The Search for the Emerald Ash Borer Genomic Fingerprint by means of PCR and Gel Electrophoresis.
By: Marisa Solano-Sanchez
LBS 145
Section Th1
Dr. Luckie
April 28, 2005
Abstract
The Emerald Ash Borer (EAB) is a major threat to the vulnerable ash trees that are in Michigan . With complete identification, the threat can be recognized early on and save further infestation. This experiment takes on finding a replicable genome fingerprint of the EAB. The identification of this pest at a genetic level can be used in future infestations. Three main steps were taken to attempt the genome fingerprint, extraction of DNA, amplification of DNA using PCR, and gel electrophoresis. Extraction of the EAB DNA was from a mature alcohol preserved larva using a confirmed protocol. When DNA presence was confirmed, Polymerase Chain Reaction (PCR) was used to amplify the DNA using pre-existing DNA primers. After PCR produced an ample amount of DNA to work with, gel electrophoresis was the last step. The gel electrophoresis uses an agarose gel as the medium thru which an electric current was administered. The DNA, lambda ladder and positive controls were put in the wells of the gel tray and were dyed for better visualization. Bands of DNA are apparent under ultraviolet light if the primers bind correctly during PCR and create amplified DNA across the gel. In this experiment, the result of these procedures did not yield any bands of DNA across the gel tray, therefore a replicable genome fingerprint was not found.

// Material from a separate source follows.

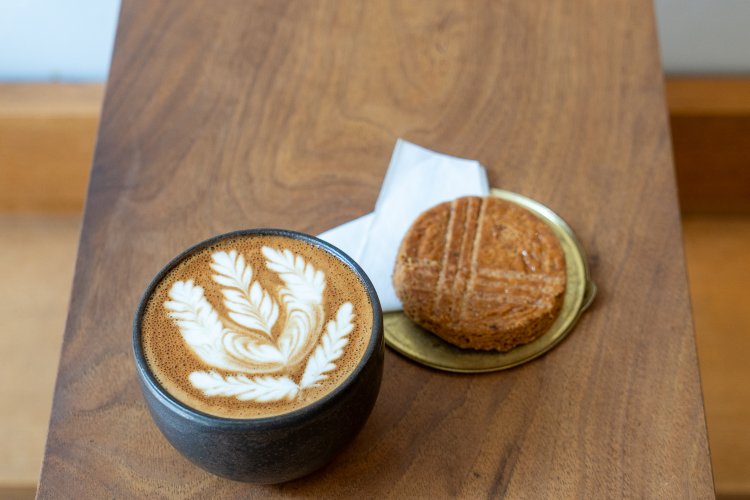 カフェラテは680円。ガレットブルトンヌは国立の『Vivant（ヴィヴァン）』から仕入れていて350円。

Figure 3: Confirmation of DNA in Eppendorf tube one.
After the unsuccessful trial one of PCR, there was doubt as to whether or not DNA was present. This is evidence of DNA, as the ethidium bromide is binding to the DNA and produces flouresence. The negative control was distilled water; positive control was potato DNA, and tube one was done twice to ensure correctness. This test was done on all three Eppendorf tubes containing the EAB DNA. All of the tubes were confirmed to have DNA.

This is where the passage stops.